INFORMATION SUPPLIED below:

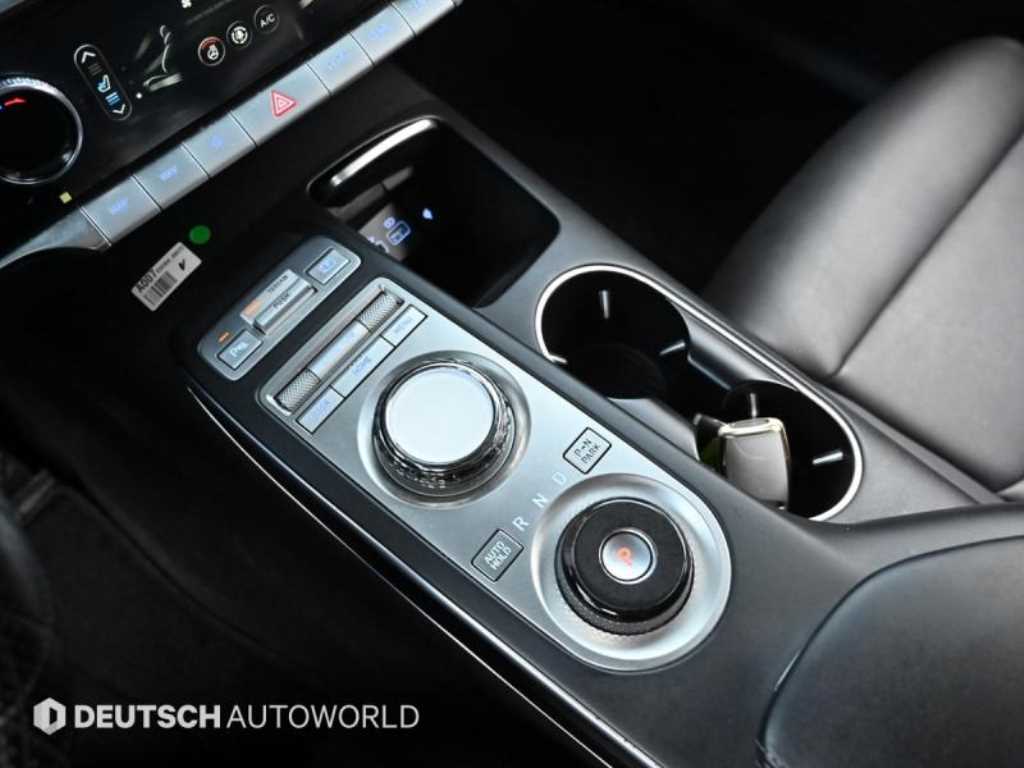 Genesis GV70 - Vista 9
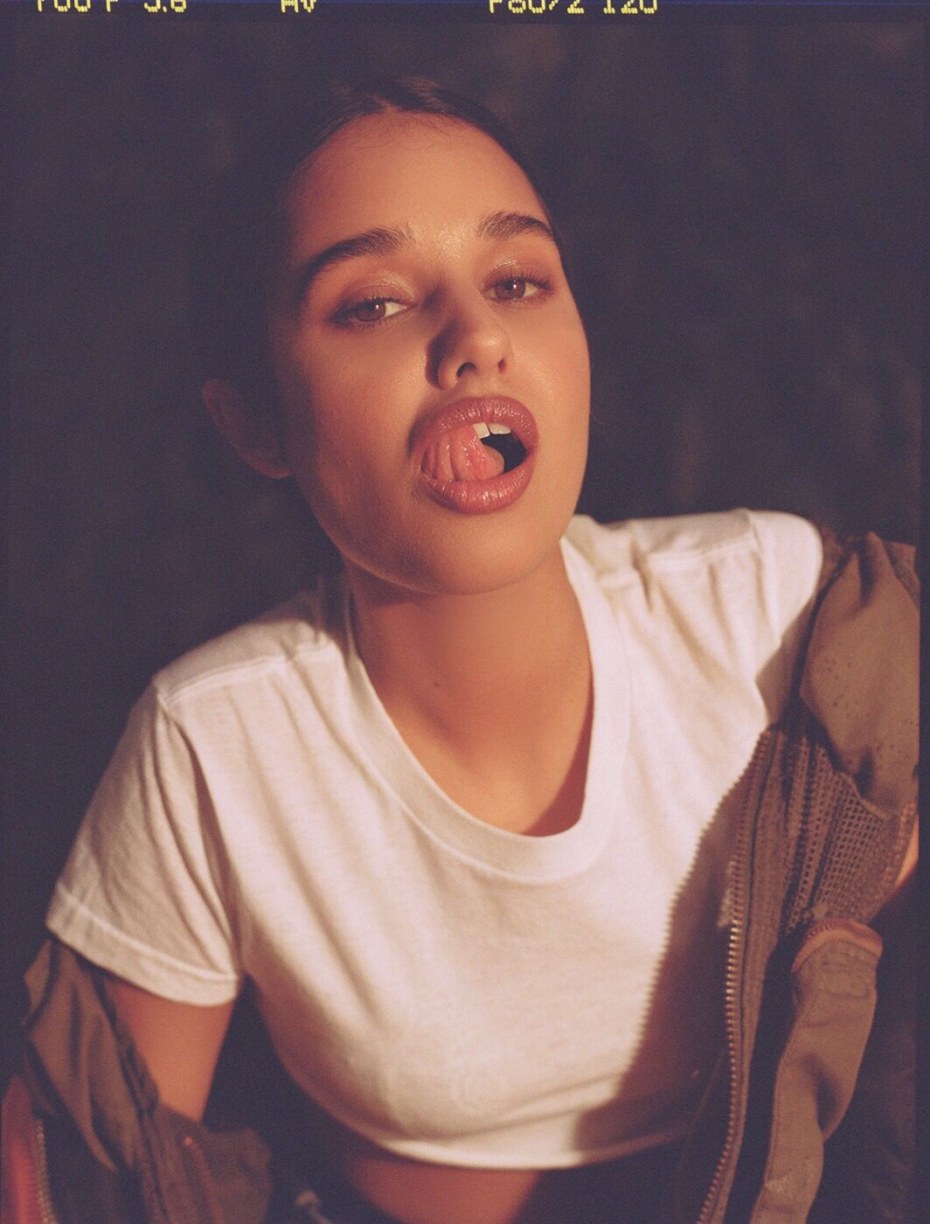 Tommy Genesis 18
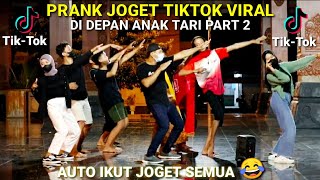 Download lagu PRANK JOGET TIKTOK VIRAL DI DEPAN ANAK TARI SEDANG LATIHAN PART 2 | AUTO IKUT JOGET SEMUA DONG WKWK mp3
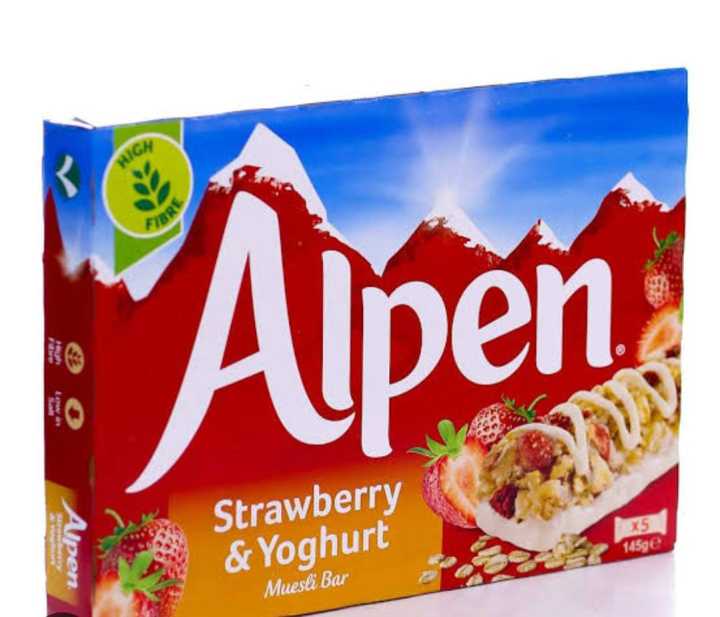 Alpen%20protein%20bar%20box%20,pack%20of%205%20Museli%20bars%20,%20high%20fibre%20,%20140%20grams%20.%20Flavors%20:%20Alpen%20fruit%20&%20nut,%20chocolate%20fruit%20&%20nut%20,%20strawberry%20&%20yoghurt%20-%20Image%203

End of INFORMATION SUPPLIED.

_WHAT THE EXERCISE ASKS_.
The result should be the full listing, retyped exactly and free of pictures.

_SOLUTION FOR THIS PROBLEM_.
 Genesis GV70 - Vista 9
 Tommy Genesis 18
 Download lagu PRANK JOGET TIKTOK VIRAL DI DEPAN ANAK TARI SEDANG LATIHAN PART 2 | AUTO IKUT JOGET SEMUA DONG WKWK mp3
 Alpen%20protein%20bar%20box%20,pack%20of%205%20Museli%20bars%20,%20high%20fibre%20,%20140%20grams%20.%20Flavors%20:%20Alpen%20fruit%20&%20nut,%20chocolate%20fruit%20&%20nut%20,%20strawberry%20&%20yoghurt%20-%20Image%203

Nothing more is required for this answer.